- Task instructions
Set down the entries that follow exactly as written, leaving out any images.

- Records provided
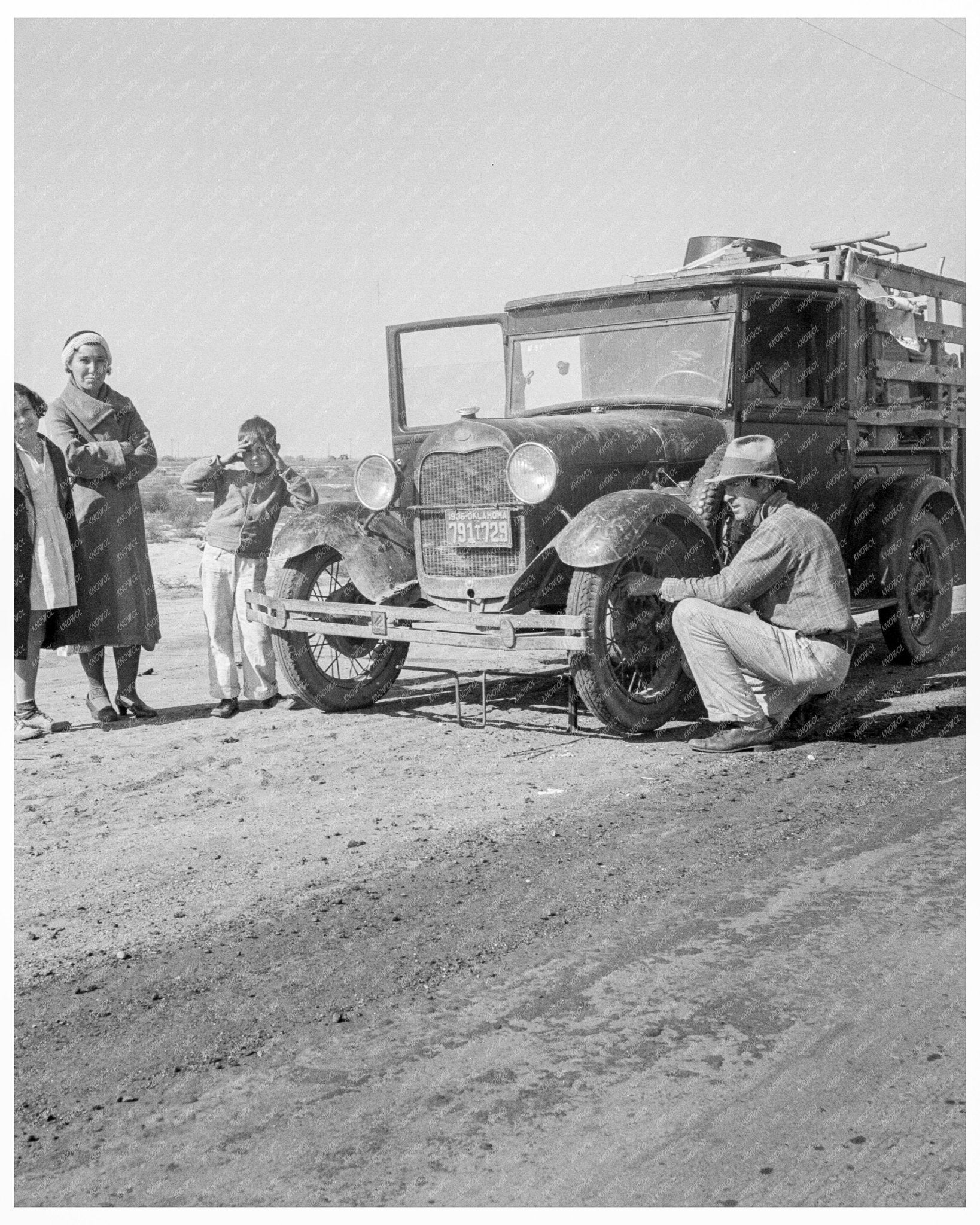 Drought Refugee Family from McAlester Oklahoma California Cotton Harvest 1936 - Available at KNOWOL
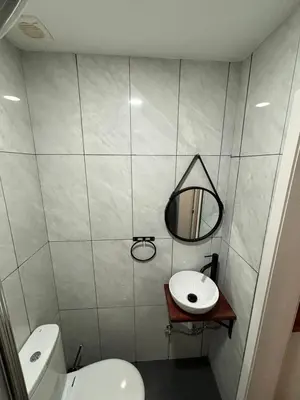 a bathroom with a sink and a toilet and a mirror at Bonsai Apartment 5 in Porto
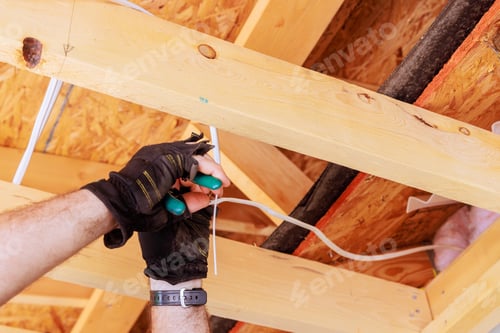 Preview: An electrician mounts the wiring a electrical connect of ceiling light lamp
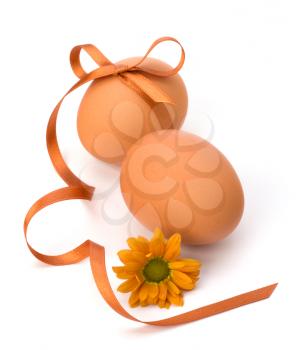 Easter eggs with festive bow isolated on white background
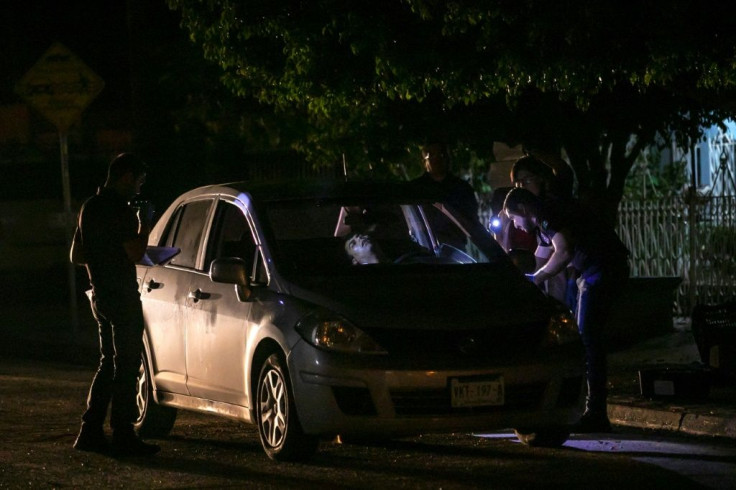 Experts work at a crime scene where a man was shot dead in Culiacan -- the victim is inside the car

- Worked solution
 Drought Refugee Family from McAlester Oklahoma California Cotton Harvest 1936 - Available at KNOWOL
 a bathroom with a sink and a toilet and a mirror at Bonsai Apartment 5 in Porto
 Preview: An electrician mounts the wiring a electrical connect of ceiling light lamp
 Easter eggs with festive bow isolated on white background
 Experts work at a crime scene where a man was shot dead in Culiacan -- the victim is inside the car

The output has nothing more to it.